Além da tabela, do diagnóstico e da negociação, a cobrança segura depende de rotinas administrativas. O advogado deve prever despesas, documentar pagamentos, controlar prazos, separar honorários de custas e atualizar contratos conforme mudanças legais, especialmente Estatuto da Advocacia, CPC e Código de Ética.
- O valor cobrado deve cobrir gastos do início ao fim da fase contratada, incluindo reuniões, estudos, deslocamentos e controles internos.
- Horas de estudo da causa entram na composição do preço, pois análise jurídica também é serviço técnico.
- Não ignore a realidade processual: preveja tempo, risco de recurso, comportamento da parte contrária e capacidade econômica do cliente.
- Faça estimativa desde a preparação até a sentença ou o trânsito em julgado, quando essa etapa estiver incluída no contrato.
- Recursos, embargos, agravos, apelações e cumprimento de sentença devem constar como incluídos ou cobrados separadamente.
- Calcule custo-benefício para o profissional ou escritório, considerando inadimplência, equipe, tributos e ferramentas de gestão.
- Atualize a referência ética: o tema de honorários aparece principalmente nos arts. 48 a 54 do Código de Ética da OAB de 2015.
Na esfera judicial, lembre-se de que honorários sucumbenciais seguem o art. 85 do CPC, Lei 13.105/2015. O Supremo Tribunal Federal reconheceu a natureza alimentar dos honorários na Súmula Vinculante 47. Já a Súmula 201 do STJ veda a fixação de honorários em salários-mínimos.
Esses entendimentos não substituem o contrato de honorários, mas reforçam a relevância jurídica da remuneração do advogado.
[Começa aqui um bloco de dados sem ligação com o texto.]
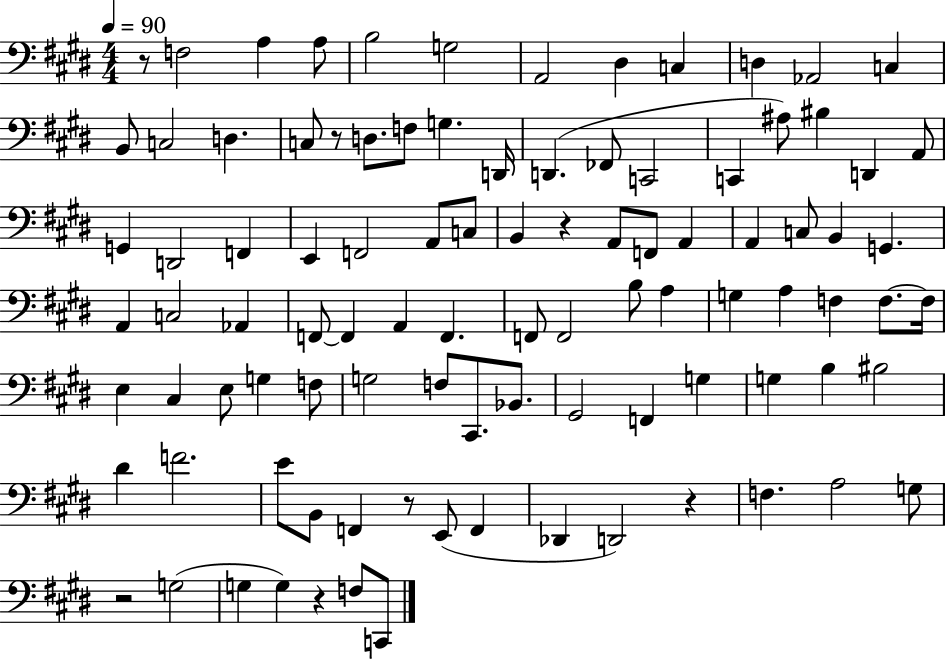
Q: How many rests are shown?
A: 7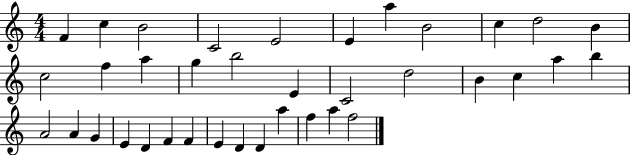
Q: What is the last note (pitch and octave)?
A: F5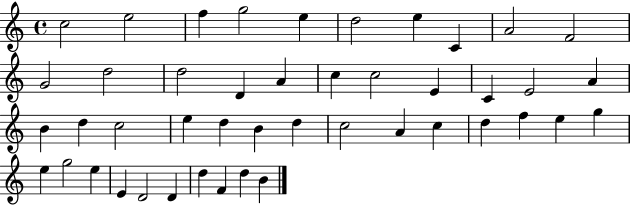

Para fins de cobrança contratual, o documento assinado, os comprovantes de entrega e a organização das atividades continuam sendo os principais instrumentos de prova.
Perguntas frequentes sobre honorários advocatícios
Honorários advocatícios são a remuneração paga ao advogado pelos serviços prestados, conforme art. 22 da Lei 8.906/1994. Eles podem ser contratuais, quando pactuados com o cliente, ou sucumbenciais, quando fixados no processo contra a parte vencida, nos termos do art. 85 do CPC.
Honorários advocatícios devem considerar tabela da OAB, complexidade, tempo estimado, valor econômico, urgência, despesas e experiência do profissional. O cálculo fica mais seguro quando o advogado separa fases do trabalho, prevê recursos e registra se custas, diligências e perícias serão pagas pelo cliente.
Honorários advocatícios devem respeitar a tabela da OAB como parâmetro mínimo ético da seccional competente. O advogado pode cobrar acima dela quando o caso exigir maior dedicação, risco ou especialização, mas cobrar abaixo do piso pode caracterizar aviltamento e gerar questionamento disciplinar.
Honorários advocatícios podem ser provados por contrato escrito com mais segurança. O art. 48 do Código de Ética da OAB recomenda contratação por escrito, e o art. 24 da Lei 8.906/1994 reconhece o contrato de honorários como título executivo quando contém obrigação certa.
Honorários advocatícios podem incluir entrada antes do início do trabalho, desde que o cliente concorde e o contrato descreva valor, vencimento e escopo. A entrada remunera estudo inicial, organização documental e medidas urgentes, além de reduzir risco de inadimplência durante a execução do serviço.
Honorários advocatícios contratuais decorrem do acordo entre cliente e advogado. Honorários sucumbenciais são fixados pelo juiz contra a parte vencida, conforme art. 85 do CPC, Lei 13.105/2015, e pertencem ao advogado, conforme art. 23 da Lei 8.906/1994.
Como concluir a cobrança de honorários advocatícios?
Honorários advocatícios devem unir lei, ética, gestão e comunicação. Use a tabela da OAB como piso, analise o caso concreto, negocie entrada ou fases, compare trabalhos semelhantes e ajuste o preço conforme especialização. Com contrato escrito e registros consistentes, a cobrança fica mais previsível e defensável.